Wie Robert Hall und sein Team jungen Obdachlosen zu helfen versuchen / Der Sozialarbeiter leitet die Berliner Kontakt- und Beratungsstelle für junge Menschen in Not

Fragwürdig: Was treibt Kinder auf die Straße?

ND: Die Kontakt- und Beratungsstelle für junge Menschen, kurz KuB, hilft seit nunmehr 40 Jahren in Berlin. Wie sieht die Unterstützung konkret aus?
Hall: Wir machen Straßenarbeit an sozialen Brennpunkten in Berlin. Wir suchen mit einem Kleinbus die Plätze in der Stadt auf, an denen wir junge Menschen ansprechen, die wohnungslos sind, die nichts zu essen und kein Geld haben, die ihre Familien verlassen haben. Dann versuchen wir sie zu motivieren, mit uns zusammen den Ausstieg aus dem Straßenleben zu organisieren.

Wer kam damals auf die Idee, solch eine Initiative zu gründen?
Die Polizei. Sie kam damals 1971 rund um die Gedächtniskirche mit den weggelaufenen Kindern und Jugendlichen überhaupt nicht klar. Sie wandte sich an die Jugendverwaltung und forderte, dass Sozialarbeiter am Breitscheidplatz und rund um den Bahnhof Zoo aktiv werden.

Suchen meist obdachlose Kinder und Jugendliche Hilfe?
Obdachlose Kinder und Jugendliche suchen nicht Hilfe, sondern wir sprechen sie an. Sie suchen uns leider nicht. Wenn sie uns suchen würden, dann würden sie uns zum Beispiel hier in der Beratungs- und Anlaufstelle finden, und wir müssten nicht unbedingt vor Ort auf der Straße sein. Leider haben diese Kinder und Jugendlichen sehr schlechte Erfahrungen in ihren Familien und auch mit Jugendämtern nicht immer gute Erfahrungen gemacht. So müssen wir sie motivieren, wieder Hilfen in Anspruch zu nehmen.

Was tun Sie in solchen Fällen?
Das Allererste ist, dass wir die Grundversorgung sicherstellen. Sie haben hier in der Charlottenburger Fasanenstraße einen Schlafplatz.

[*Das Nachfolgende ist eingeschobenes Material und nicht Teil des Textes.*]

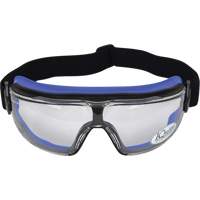 Lunettes &agrave; coque de s&eacute;curit&eacute; LPX IQuity, Lentille Transparent, Antibu&eacute;e/Anti-&eacute;gratignures St. Lawrence Industrial & Safety Supply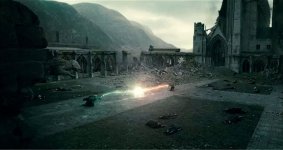 Harry Potter and the Deathly Hallows: Part I Movie photos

Sie können sich hier aufhalten. Sie bekommen Wechselwäsche, wir haben eine Kleiderkammer. Wir kümmern uns um Krankenversicherung, um Ausweispapiere. Wir nehmen Kontakt zu den Eltern auf und versuchen gemeinsam herauszufinden, wie vielleicht eine Lösung unabhängig vom Straßenleben aussehen kann.

Was hat sich innerhalb der Jahrzehnte verändert?
Das Maß an Bindungslosigkeit hat zugenommen. Heutzutage gibt es hoffnungslos überforderte Eltern, die überhaupt nicht mehr in der Lage sind, sich angemessen um ihre Kinder zu kümmern. Das hat sich im Verlauf der letzten Jahrzehnte tatsächlich verändert. Es gibt Eltern, die froh sind, dass ihre Kinder auf der Straße leben. Zu Hause kommen sie überhaupt nicht mehr klar, nicht mit ihrem eigenen Leben und erst recht nicht mit dem Leben ihrer Kinder in einer Gemeinschaft.

Wie viele Übernachtungsmöglichkeiten bieten Sie an?
Wir haben 16 Schlafplätze. Wenn die besetzt sein sollten, vermitteln wir in andere Notübernachtungsstellen. Keiner, der hier nachts herkommt, wird auf der Straße stehen gelassen.

Wie viele Kinder und Jugendliche leben zur Zeit in Berlin schätzungsweise auf der Straße?
Das kann ich nicht sagen. Wir als kleine Einrichtung haben pro Jahr Kontakt zu etwa 1200 Kindern. Sechs Straßensozialarbeiter sind jeden Tag in der Stadt unterwegs. Die drei markantesten Standorte: die Kurfürstenstraße in Schöneberg, der Alexanderplatz in Mitte und rund um den Bahnhof Zoo.

Wie jung oder wie alt sind die Straßenkinder?
Unsere Zielgruppe sind die 14- bis 20-Jährigen.